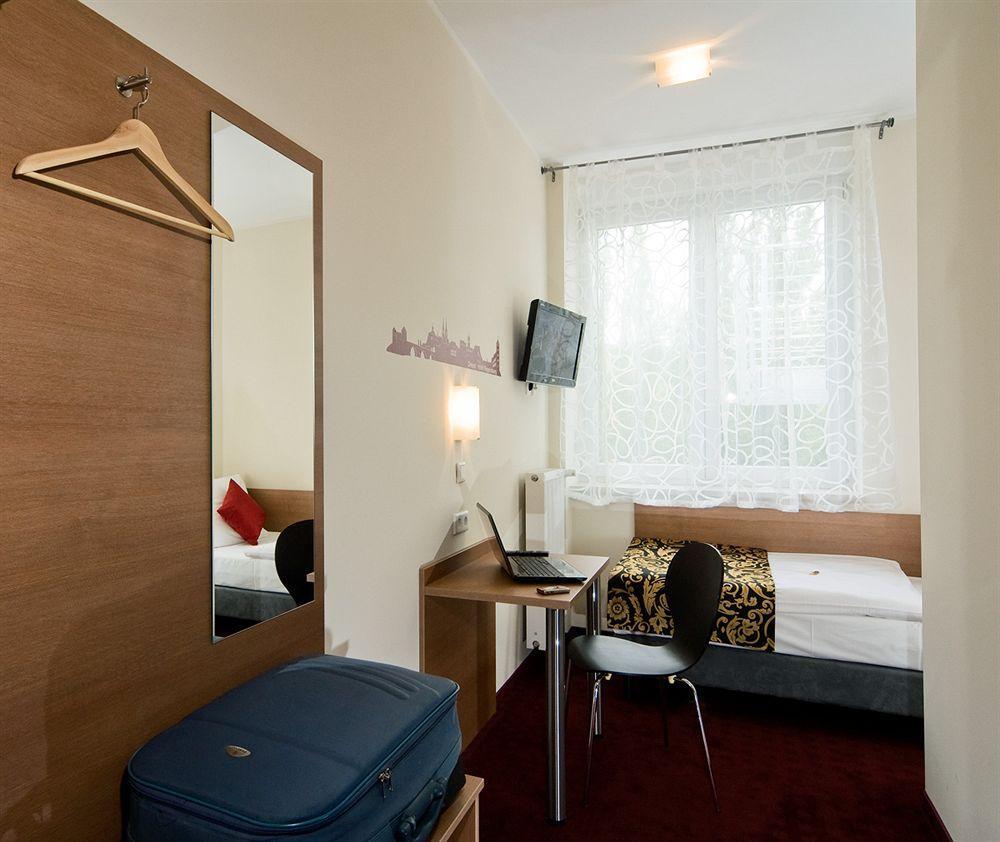 Dream Inn Hotel Regensburg Ost 외부 사진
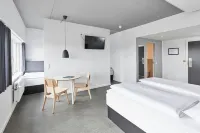 Four Points Flex by Sheraton Aarhus Viby - Pet-friendly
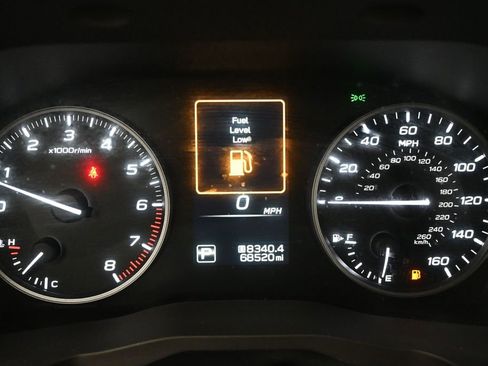 Used 2024 Subaru Ascent Premium w/ Convenience Package image 23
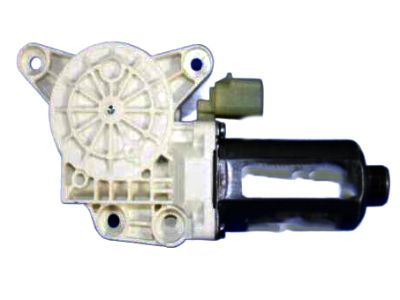 Mopar 68027866AA Window Regulator 6 Pin Motor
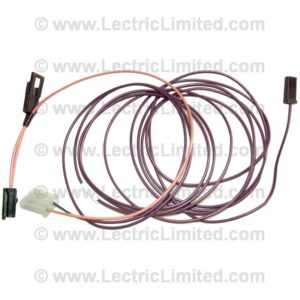 REAR WINDOW DEFOGGER HARNESS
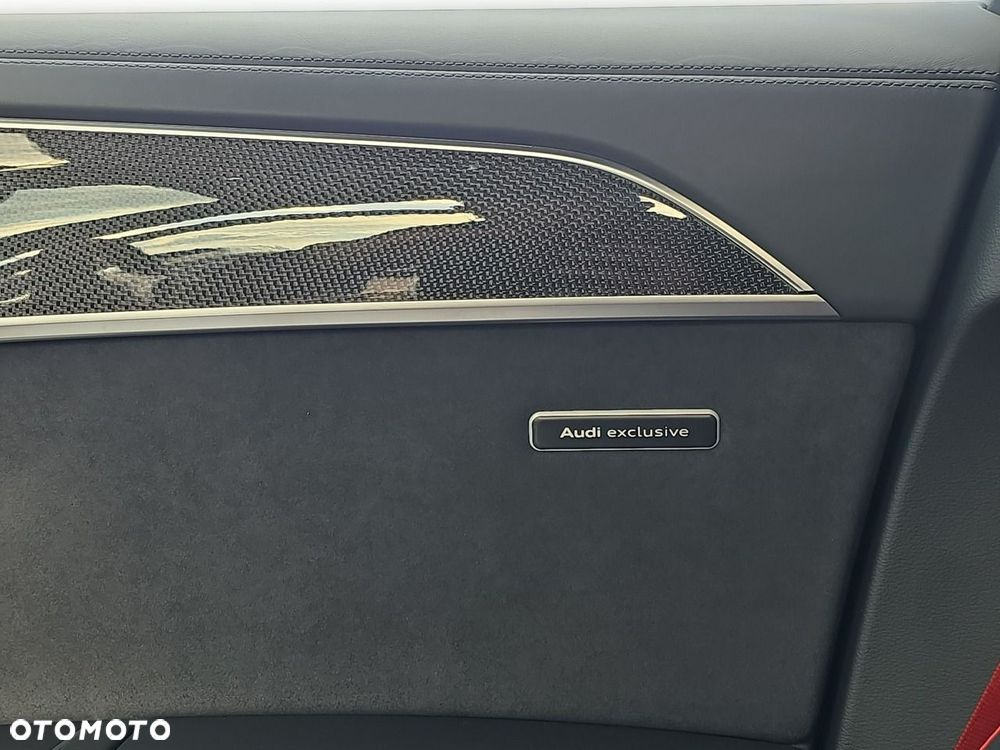 Audi S8 TFSI quattro tiptronic - 21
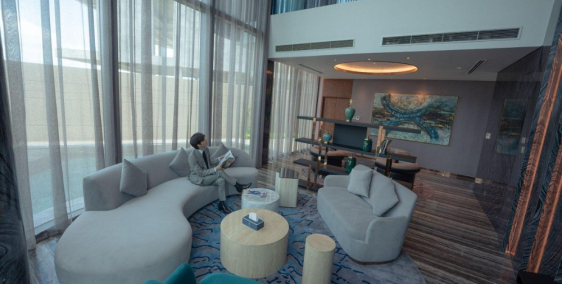 11 Căn Biệt thự Ven Biển Độc nhất Việt Nam, Sổ sẵn vào ở khai thác Ngay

**Exercise directions**
Every line from the line containing "Mopar 68027866AA Window" through the last line above is to be printed exactly. Pictures are not copied.

**Response**
 Mopar 68027866AA Window Regulator 6 Pin Motor
 REAR WINDOW DEFOGGER HARNESS
 Audi S8 TFSI quattro tiptronic - 21
 11 Căn Biệt thự Ven Biển Độc nhất Việt Nam, Sổ sẵn vào ở khai thác Ngay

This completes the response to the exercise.